Feedstertechnorati's main competition, apparently. Poor spamblog filtering, probably not worth bothering with
Sphere.com a better technorati work-alike

bloglines good lists of French links for rb/py. Lots of dups, but easy markup to parse

co.mments
TailRank

Yahoo MyWeb
scuttle 1000s of py/rb links, not that interesting tho

Netvouz


Feed Me Links Since 2002!

delirious not bad for py/rb, easy markup.

Also rans:

wists Social shopping??
Segnalo.com Practice your Italian. Only a few dozen ruby and python things here, but looks nice, some good URLs.

Furl (not bad, actually, and pretty easy markup to parse),

Unalog

RawSugar a few good links

Spurl (broken functionality, you have to register to see any tags),

simpy,(4,400 URLs tagged "Python", messy deep markup)
jots (96% spam, little technology content),
pubsub I have to figure out how to get at other people's tag subscriptions

linkAGoGo not much content, this guy knows less about CSS and design than I do.
NewsVine
BlinkBits truly sad: PHPbb, so they'll be HaX0rd from time to time, no content,

fark No comment, but here's a scraper

butterfly
StumbleUpon

ClipMarks No content and very hard to scrape
BlueDot.US not much tech content, yet
Maple.NU

Q: Where the heck did you find all these?
A: affiliateBlog and Roxomatic.DE
And this guy and a Quimble poll
So there's the raw material. Now we have to figure out how to pull the pages, get the URLs, page description, tag scores or numbers of people who've tagged that page etc. Save a few pages from each social networking site into its own subdir, fire up BeautifulSoup, or whatever HTML parser you like. The (X)HTML is generally correct, but markup trees can get deep, some sites have a bunch of javascript for each tagged URL.

BTW here's how to put a bazillion folksonomy buttons on your rails

(Aside, from the Biting the hand that feeds you Dept: Blogger's markup is odd, it has a huge stylesheet inline in every page, and the blog entry is all on 1 line with <br>'s. Easy to scrape tho. As another aside, Blogger's captchas are murderously difficult, even for somebody with 20/20 vision)

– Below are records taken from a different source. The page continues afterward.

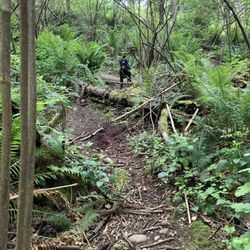 Viking Off-leash Dog Park - 6/2022: trails are nice, not ADU accessible, but make for a good hike with varying elevation.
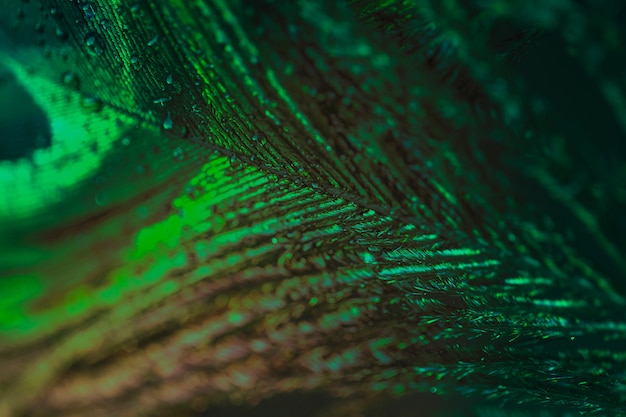 Extreme macro of a green peacock feather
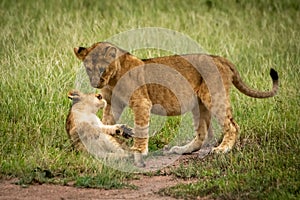 Lion cub twists to attack bigger one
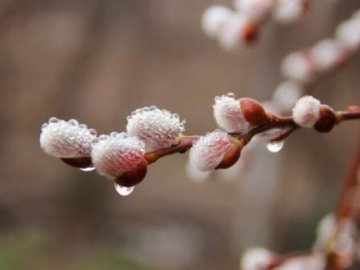  ����� ��������� ��������� ��� ������� ������ ������� 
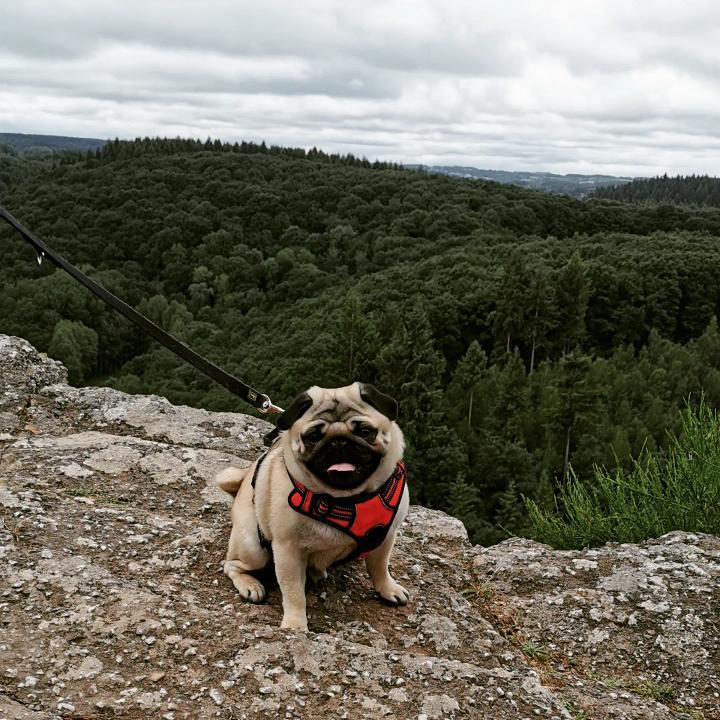 visiter la suisse normande avec un chien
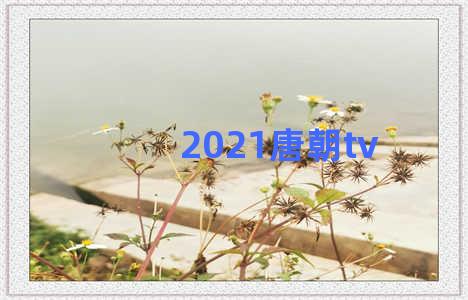 2021唐朝tv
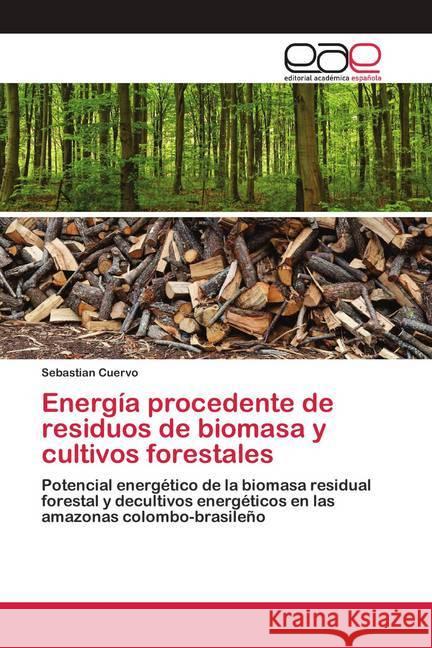 Energía procedente de residuos de biomasa y cultivos forestales Cuervo, Sebastian 9786200419033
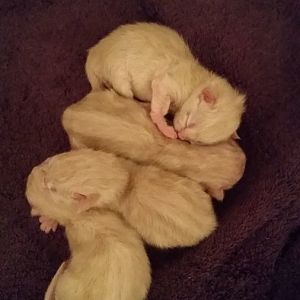 Yes, ANOTHER "when is my cat going to give birth" thread...but HELP!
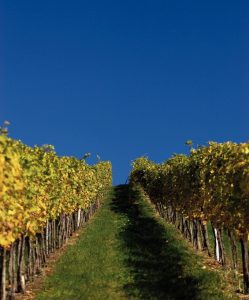 Vineyard visit during a wine tour
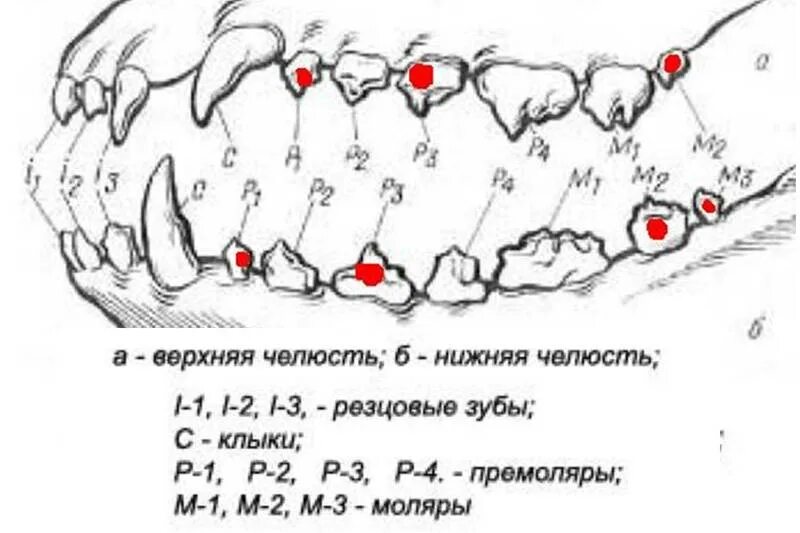 Расположение зубов у собаки схема Схема зубов собаки с номерами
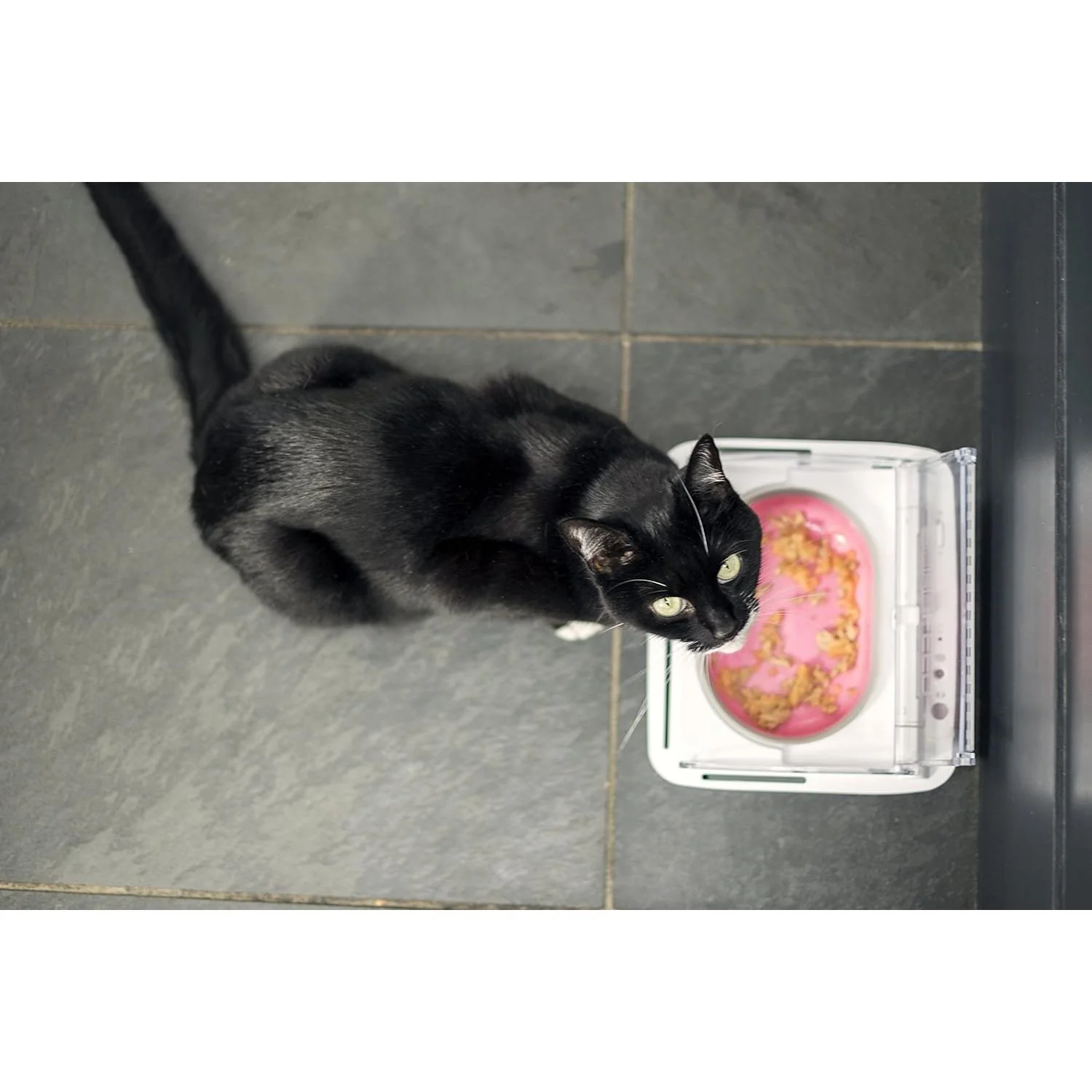 Sure Petcare SureFeed Sealed Pet Bowl for Cats and Small Dogs White - Image 3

Next we're ready to go to Starbuck's and start our little script hoovering all the pages from each social networking site. Like OReilly's Spidering Hacks says, be nice, download pages on a human scale, one every few seconds max, don't DoS anybody. Save to harddrive, don't hit their server over and over and over. You might have to set User-Agents and HTTP-Referrer.

How do you categorize, dedup and easily search all your URLs? How's about Excel spreadsheets. Yes, it's clumsy to right-click, copy /paste your link into browser, but I haven't found a better tool for scrolling/visual inspection and easy searches.